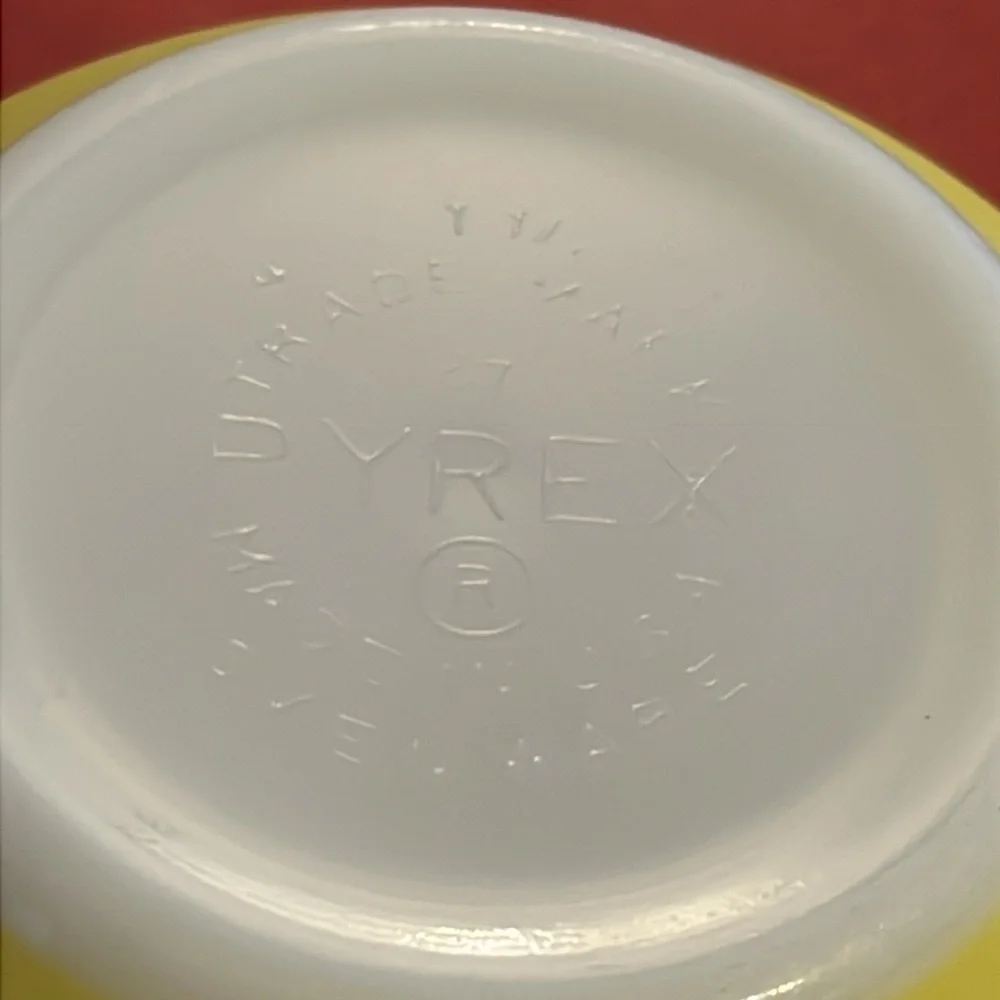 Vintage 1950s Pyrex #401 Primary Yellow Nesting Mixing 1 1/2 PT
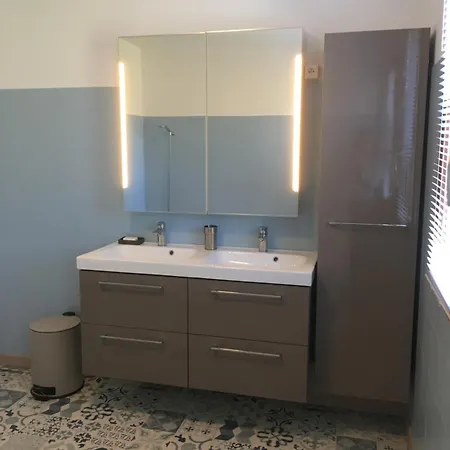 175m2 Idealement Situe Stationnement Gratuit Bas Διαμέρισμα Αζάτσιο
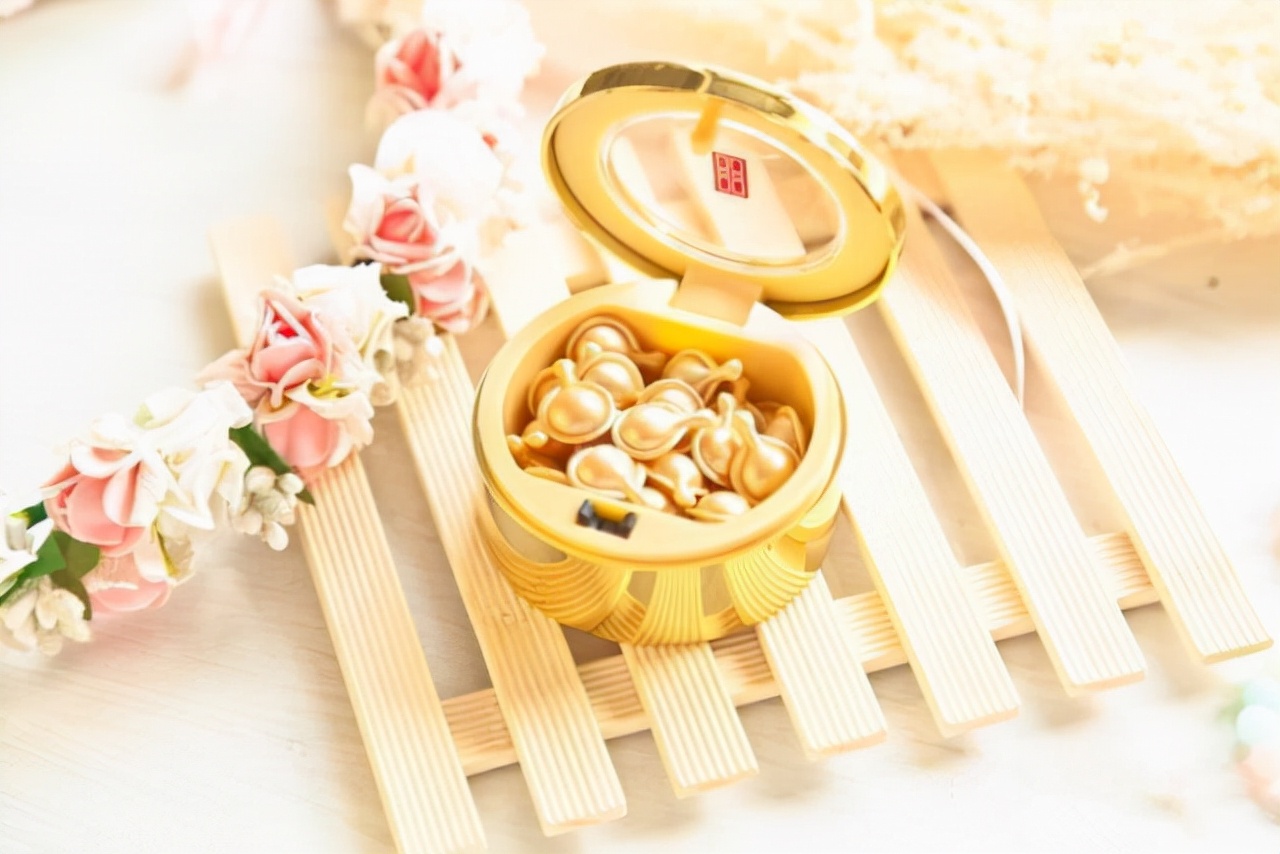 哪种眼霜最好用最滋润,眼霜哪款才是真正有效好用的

————————

Your task → Please print the data above once more, exactly and without images.

Answer space →
 Vintage 1950s Pyrex #401 Primary Yellow Nesting Mixing 1 1/2 PT
 175m2 Idealement Situe Stationnement Gratuit Bas Διαμέρισμα Αζάτσιο
 哪种眼霜最好用最滋润,眼霜哪款才是真正有效好用的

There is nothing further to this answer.